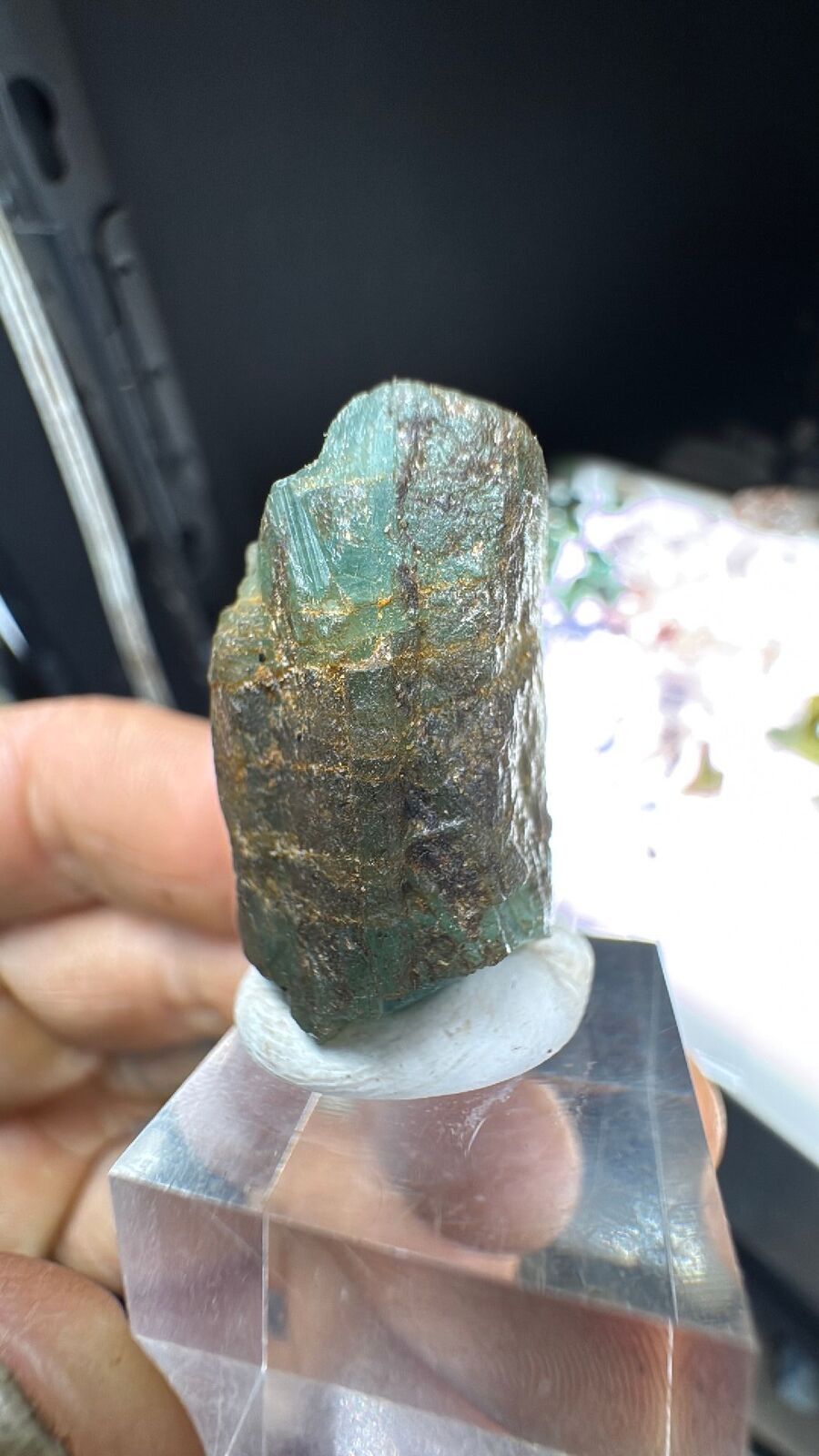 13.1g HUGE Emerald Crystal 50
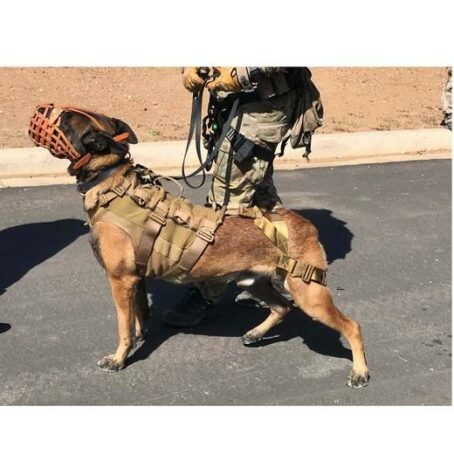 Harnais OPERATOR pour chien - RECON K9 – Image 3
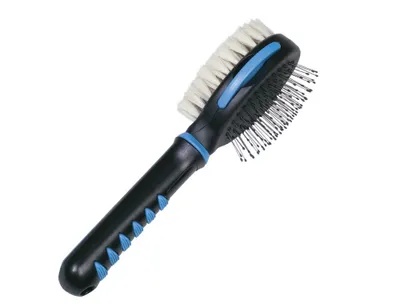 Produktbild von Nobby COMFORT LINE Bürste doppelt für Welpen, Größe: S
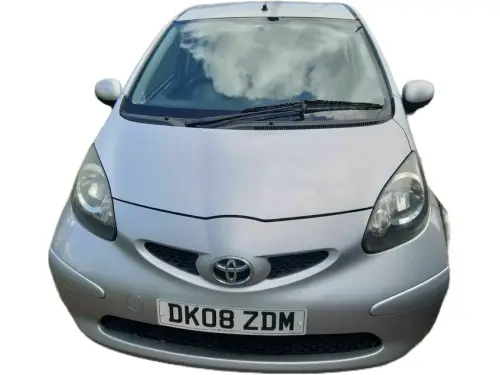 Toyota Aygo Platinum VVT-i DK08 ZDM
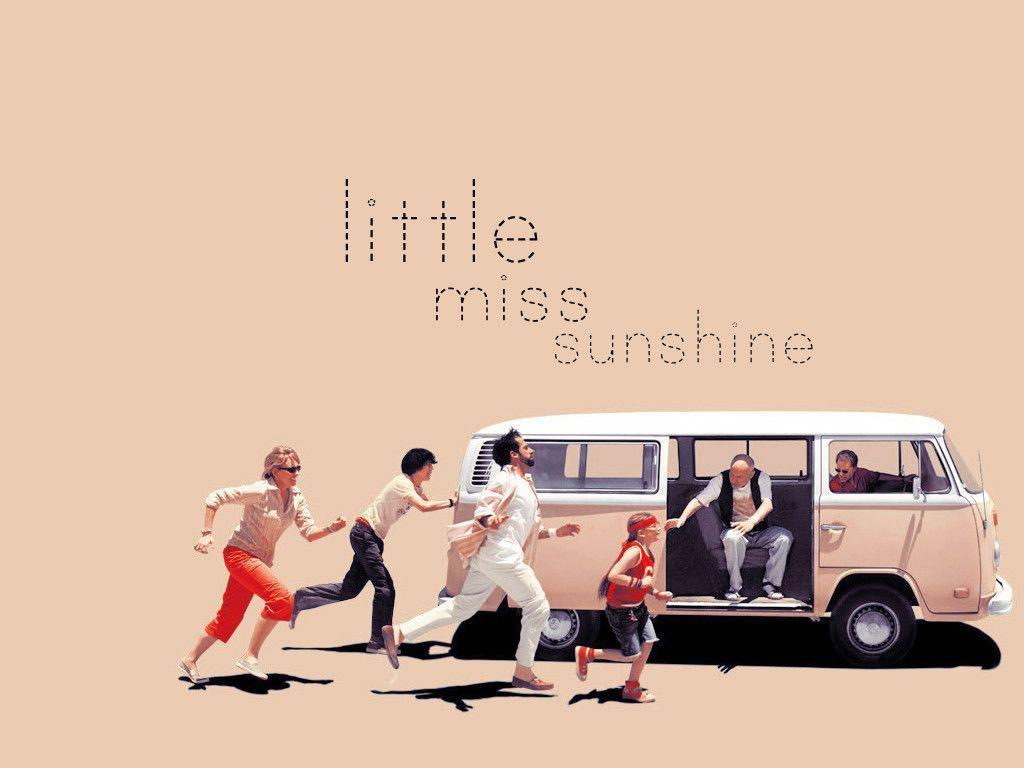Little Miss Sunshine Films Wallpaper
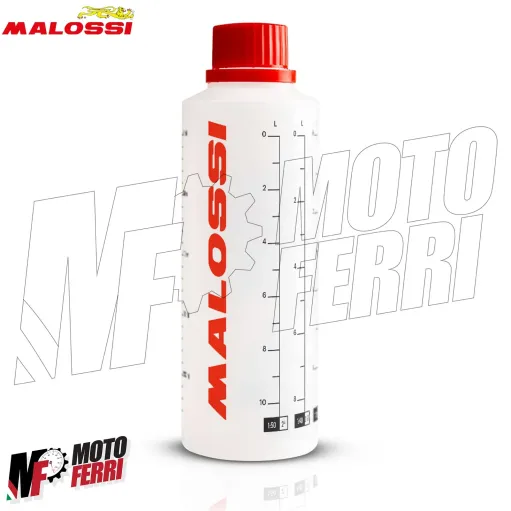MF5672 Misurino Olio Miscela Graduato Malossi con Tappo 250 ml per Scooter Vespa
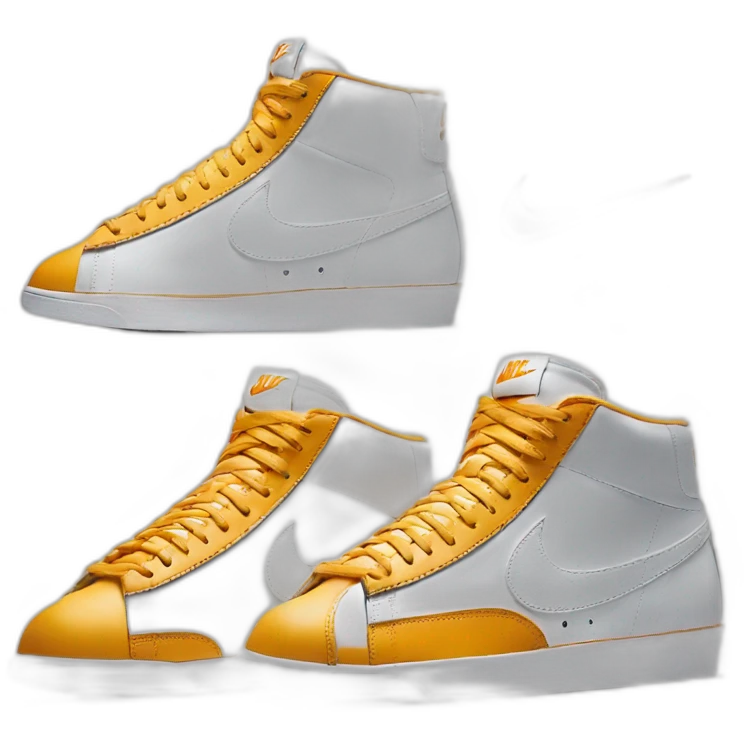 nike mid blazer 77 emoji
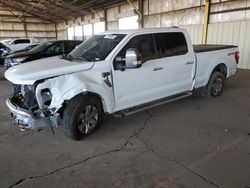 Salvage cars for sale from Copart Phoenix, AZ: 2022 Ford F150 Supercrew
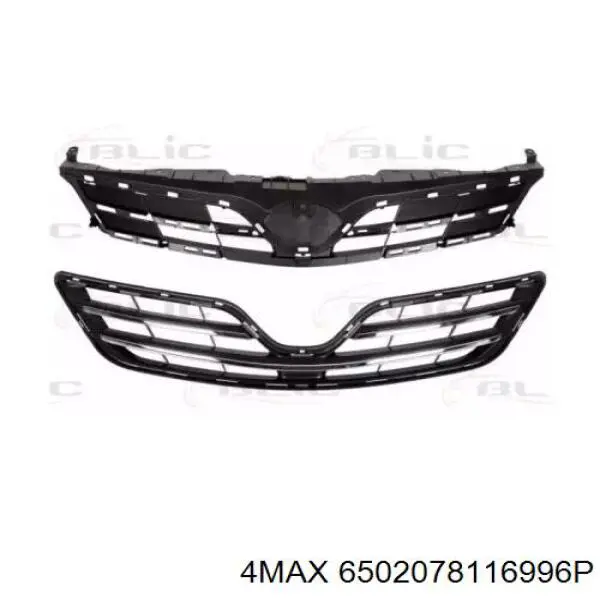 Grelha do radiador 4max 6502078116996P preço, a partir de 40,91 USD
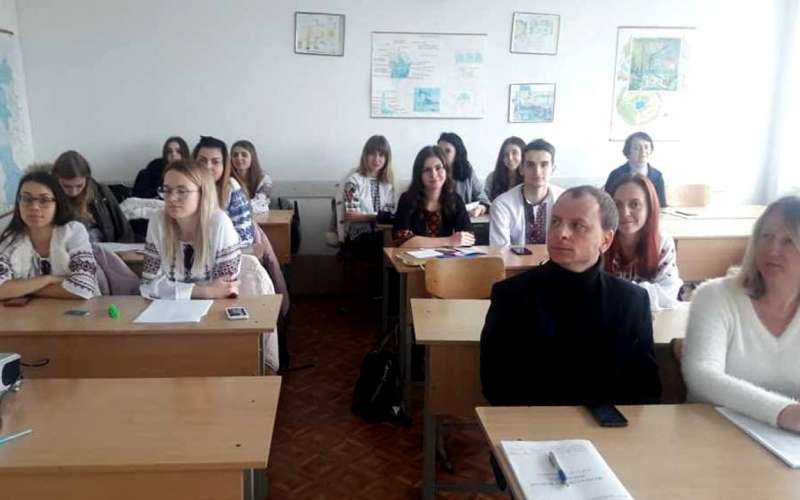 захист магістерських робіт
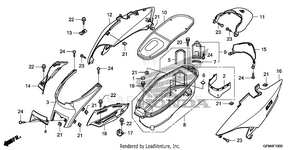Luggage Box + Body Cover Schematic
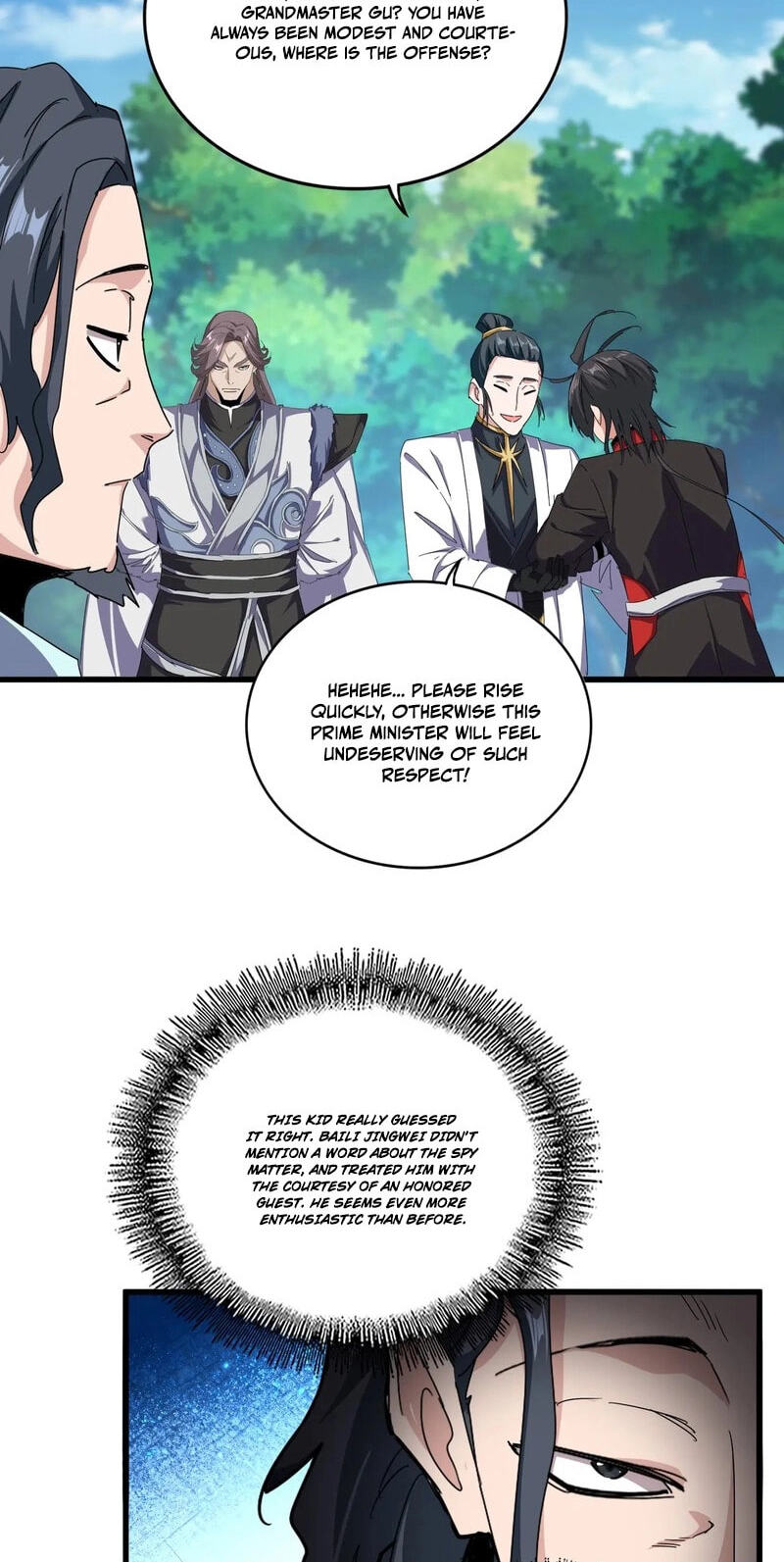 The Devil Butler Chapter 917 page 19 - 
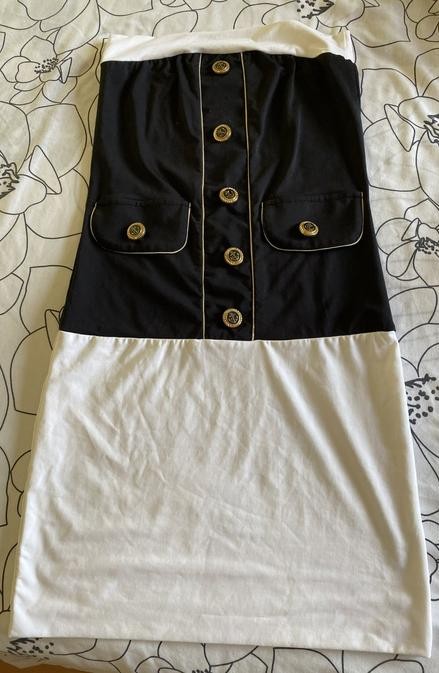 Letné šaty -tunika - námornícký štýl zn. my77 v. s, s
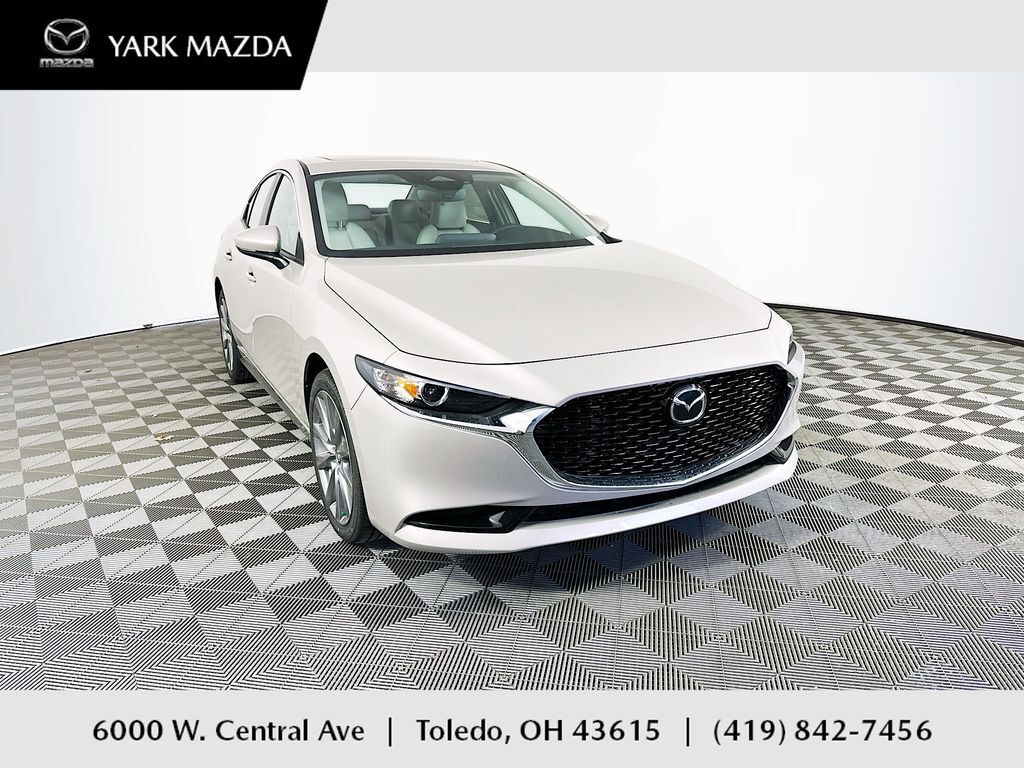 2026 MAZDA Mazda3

•••••

◆ What is needed: Would you restate, exactly and with no pictures, the lines of the entries above from the one containing "Little Miss Sunshine Films Wallpaper" through the one containing "Salvage cars for"?

◆ Solution to the problem:
Little Miss Sunshine Films Wallpaper
MF5672 Misurino Olio Miscela Graduato Malossi con Tappo 250 ml per Scooter Vespa
 nike mid blazer 77 emoji
 Salvage cars for sale from Copart Phoenix, AZ: 2022 Ford F150 Supercrew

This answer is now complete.